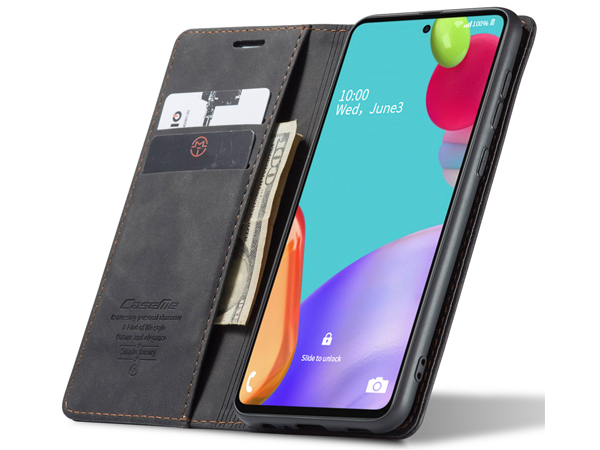 CaseMe Slim Synthetic Leather Wallet Case with Stand for Samsung Galaxy A52s/A52 - Charcoal
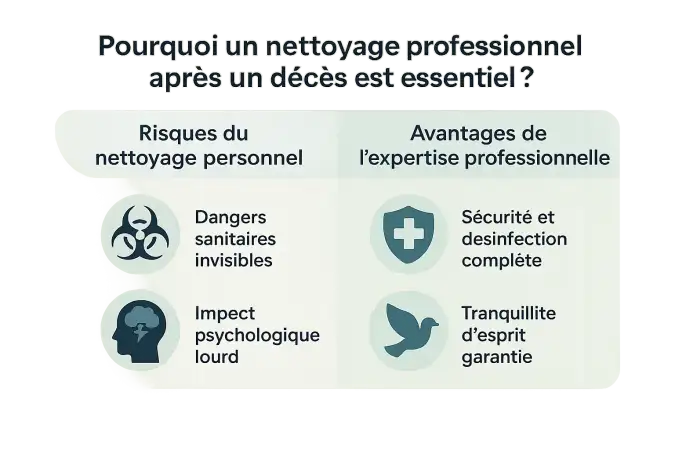 Illustration montrant la différence entre un nettoyage amateur et professionnel après un décès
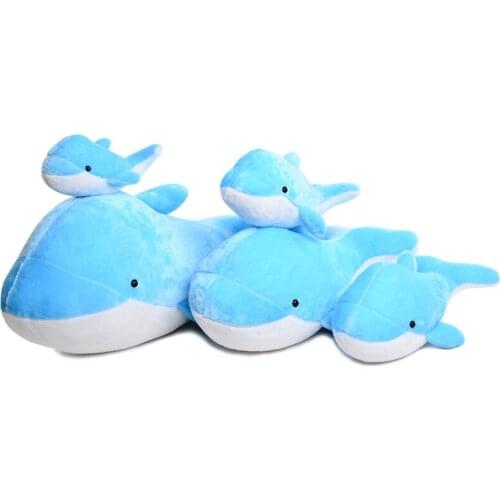 37-50cm Sky Blue New Creative Dolphins Stuffed Plush Toy Doll Animal Cute Sea World Valentine Gift Girl Birthday Good Quality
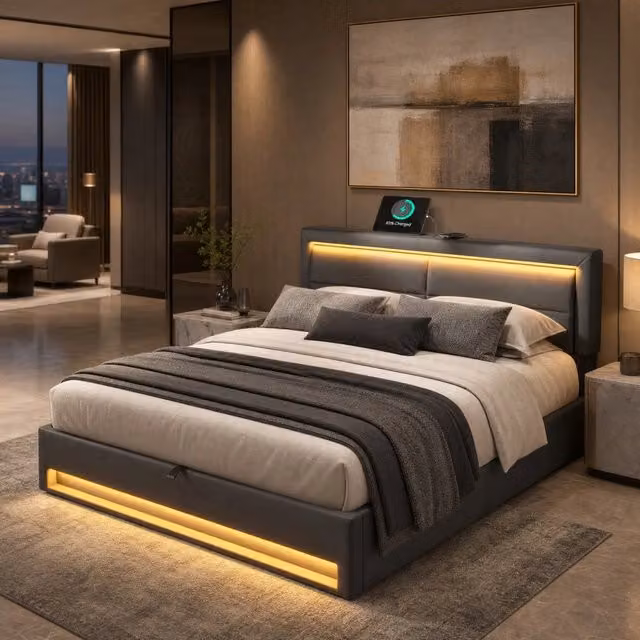 Letto contenitore Mivray con ricarica USB e LED, rivestito in ecopelle grigia, L/P: 140 x 200 cm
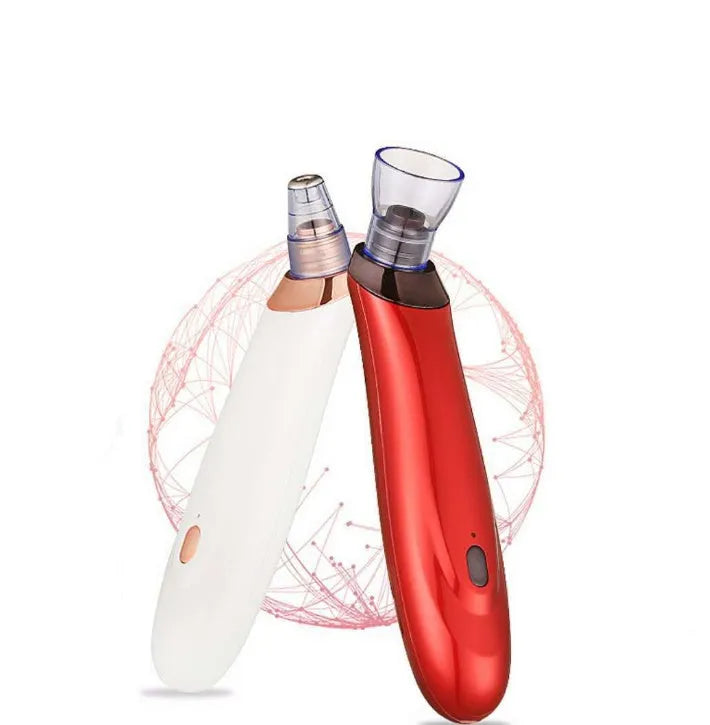 Black electric blackhead extractor device with multiple nozzle attachments for skin pore cleaning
####
Work required: Since pictures are not part of the copy, set down only the remaining data exactly.

Exercise result:
 CaseMe Slim Synthetic Leather Wallet Case with Stand for Samsung Galaxy A52s/A52 - Charcoal
 Illustration montrant la différence entre un nettoyage amateur et professionnel après un décès
 37-50cm Sky Blue New Creative Dolphins Stuffed Plush Toy Doll Animal Cute Sea World Valentine Gift Girl Birthday Good Quality
 Letto contenitore Mivray con ricarica USB e LED, rivestito in ecopelle grigia, L/P: 140 x 200 cm
 Black electric blackhead extractor device with multiple nozzle attachments for skin pore cleaning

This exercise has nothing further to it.